Había pasado algo más de un año desde que esta idea se trazó
en mi cabeza. Muchos meses de entrenamiento, escondido, como el cazador que se
relame antes de hincar el diente a su presa.
Ernesto Correa. El dictador todopoderoso que controlaba
España desde hacía ocho años. Impuso su ley a raíz del fracaso democrático en
el país. La deuda exterior y el desempleo hundieron a una nación que un día
soñó ser importante. Cuando la indignación del pueblo comenzaba a ser imparable,
Correa empleó al ejército y a la policía para hacerse con las calles,
limpiándolas de gente y ensuciándolas de sangre. No se llevó a cabo pacto
alguno con el gobierno. Sólo existía él.
El año 2017 fue el año de Ernesto Correa. Se negó a afrontar
la deuda con Europa y aisló el país. Un régimen totalitario se impuso, y no
había aliados ideológicos para este nuevo líder. Todos eran esclavos, por
naturaleza desde su nacimiento. Nadie se atrevió a salir a la calle. Los
cantautores dejaron de cantar. Los poetas dejaron de escribir. Sólo existía
miedo. Y sólo el odio más profundo era ajeno al miedo. Yo poseía ese odio.

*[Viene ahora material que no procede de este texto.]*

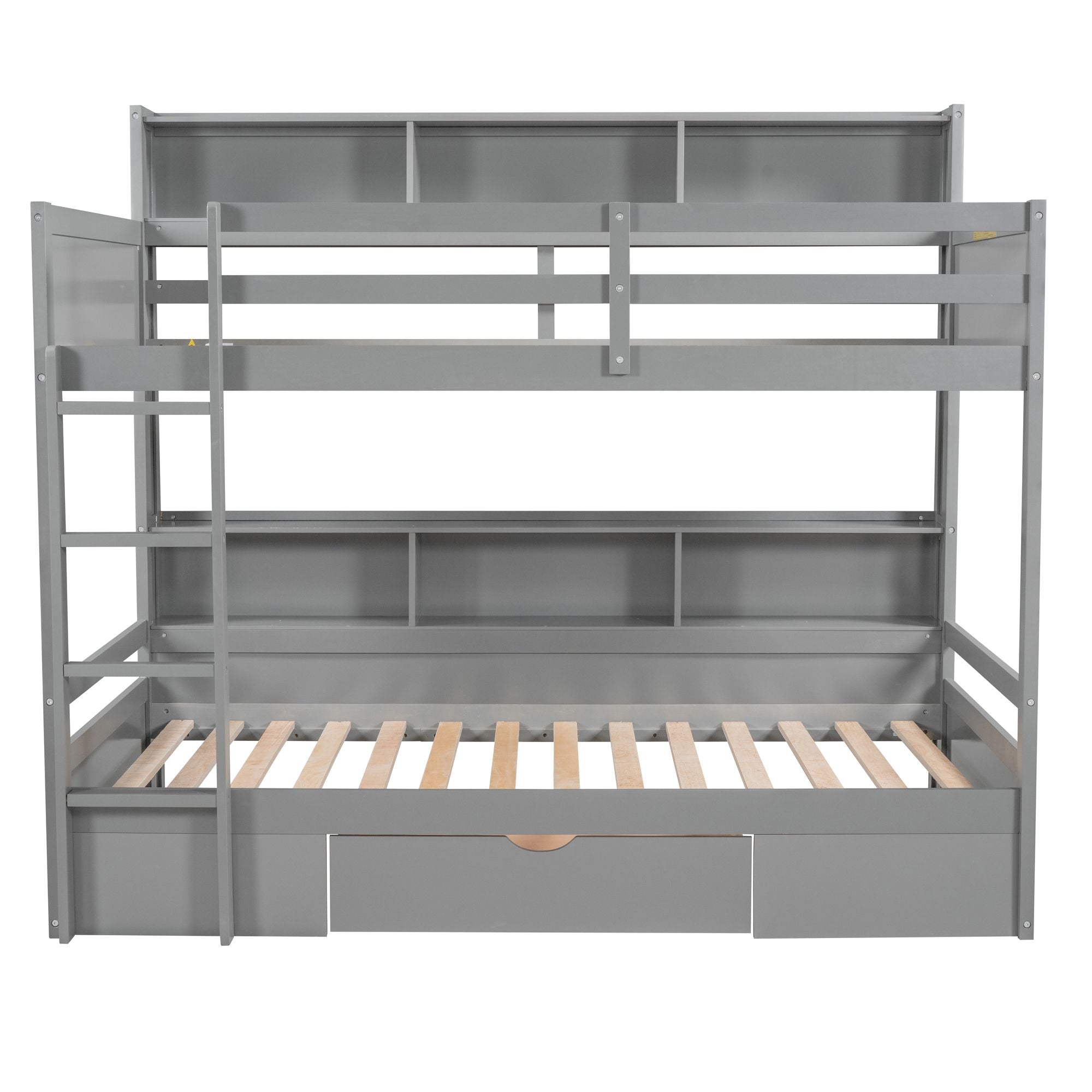 Twin Size Bunk Bed with Built-in Shelves Beside both Upper and Down Bed and Storage Drawe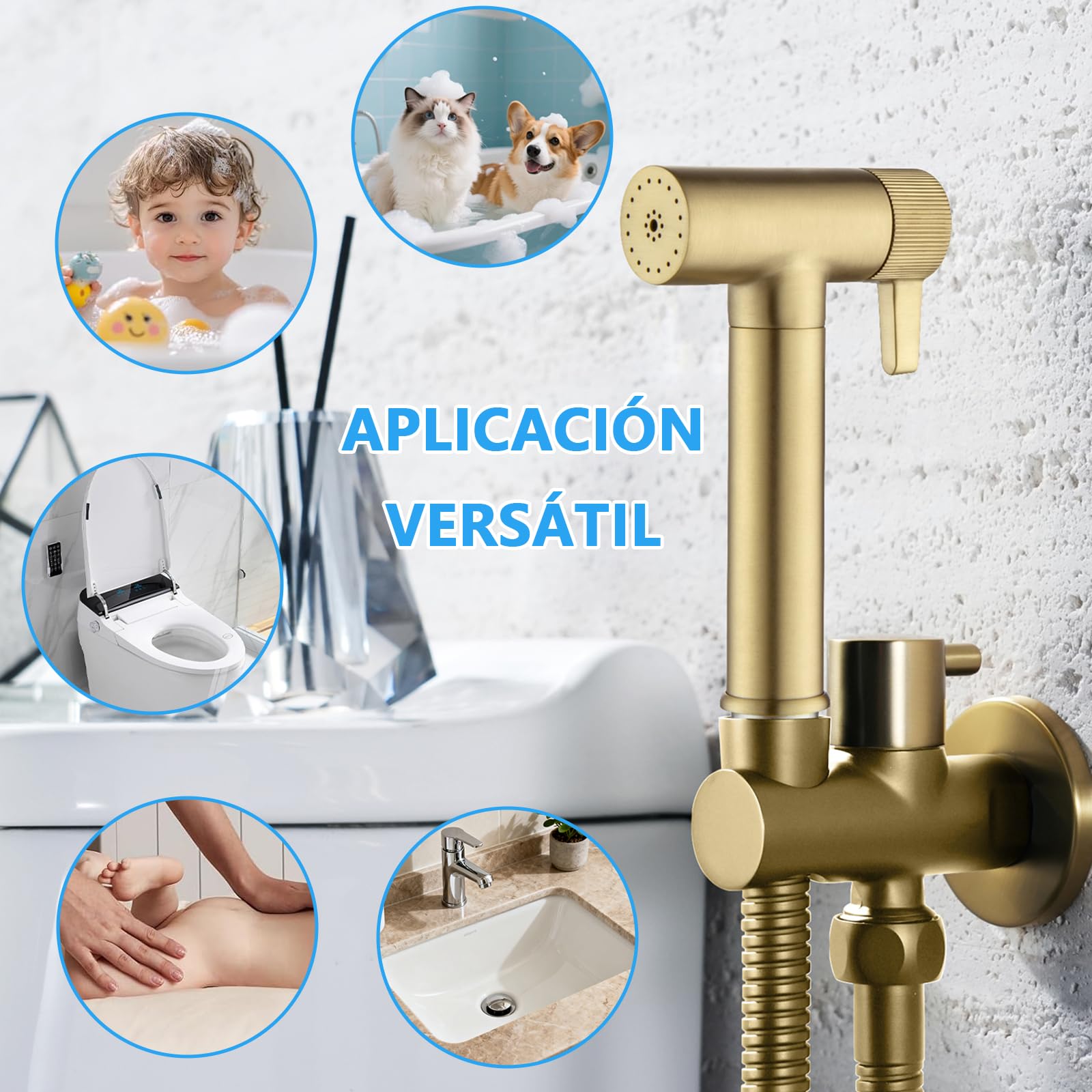 Oro Cepillado Kit de Rociador de Mano para Inodoro, 2 Modos Ducha Bidet para Inodoro, Latón Rociador de Bidé Montado en Pared para Inodoro con Manguera de 1.2m y Soporte, para Higienico Personal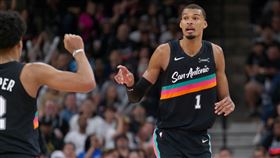 聖安東尼奧馬刺隊超級巨星溫班亞馬（Victor Wembanyama）。（圖／美聯社／達志影像）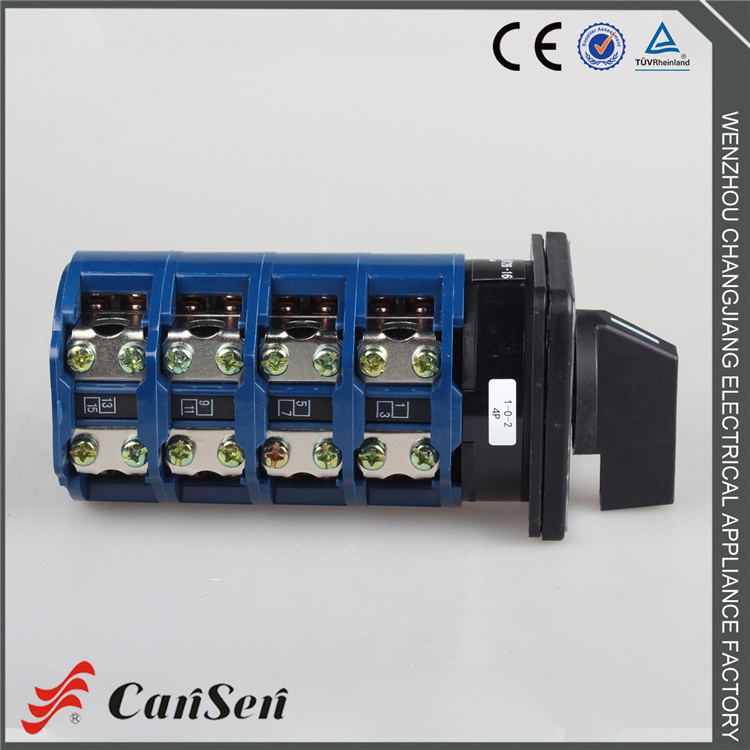 Cansen Changeover switch with center OFF 60 degree 160A 1-0-2 4 Pole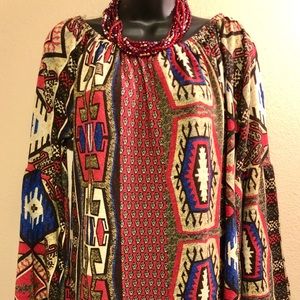 Bell Sleeve Southwestern Print Tunic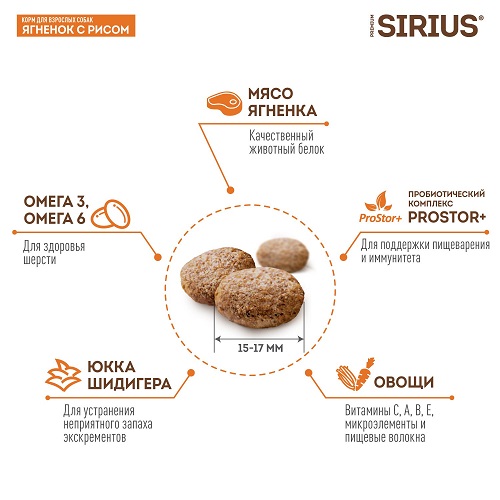 Sirius сухой корм для взрослых собак с ягнёнком и рисом
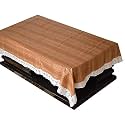 Kuber Industries Wooden Print Table Cloth 4 Seater|Waterproof Center Table Cover|Table Protector for Indoor &amp; Outdoor 60x40 (Brown)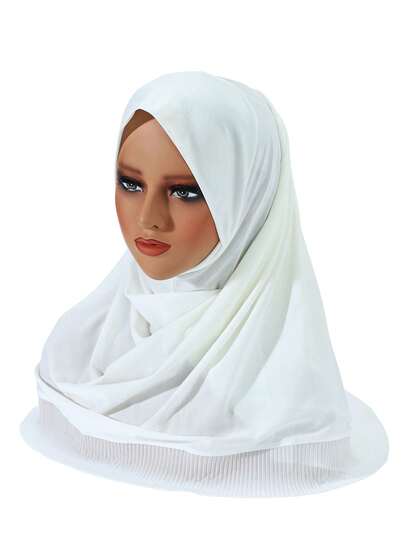 1pc Solid Color Elegant Bohemian Style Headscarf, Suitable For All Seasons, Hijab, Muslim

El 16 de julio de 2025 Ernesto Correa daba el visto bueno
con su visita al campo de concentración recién construido a las afueras de
Torrejón de Ardoz. Pensado para albergar el sufrimiento de cerca de 90 000
personas, era imposible huir de él. Elegí ese día.
Un año antes
Mi cultivado odio hacia Ernesto Correa se materializó en
plan el día en que un policía llegó a mi bloque de pisos en Toledo. Tenía un
nuevo vecino. Hablamos del 15 de mayo de 2024. Sin familia, comenzó a vivir
solo en el piso. Lo asesiné apenas una semana más tarde. Me resultó fácil,
extremadamente fácil. Era la primera vez que mataba, pero no la primera que
presenciaba un asesinato.
No me demoré y busqué su uniforme. Todos poseían un chip de
seguimiento que desactivé sin mayor problema. Junto al uniforme encontré todo
lo que necesitaba: lentillas, placas, documentos de identidad, llaves, ordenador personal… todo. Me deshice del
cadáver y huí presto hacia una granja en las cercanías de Alcalá de Henares,
allí podría pasar desapercibido y concentrarme en el siguiente paso.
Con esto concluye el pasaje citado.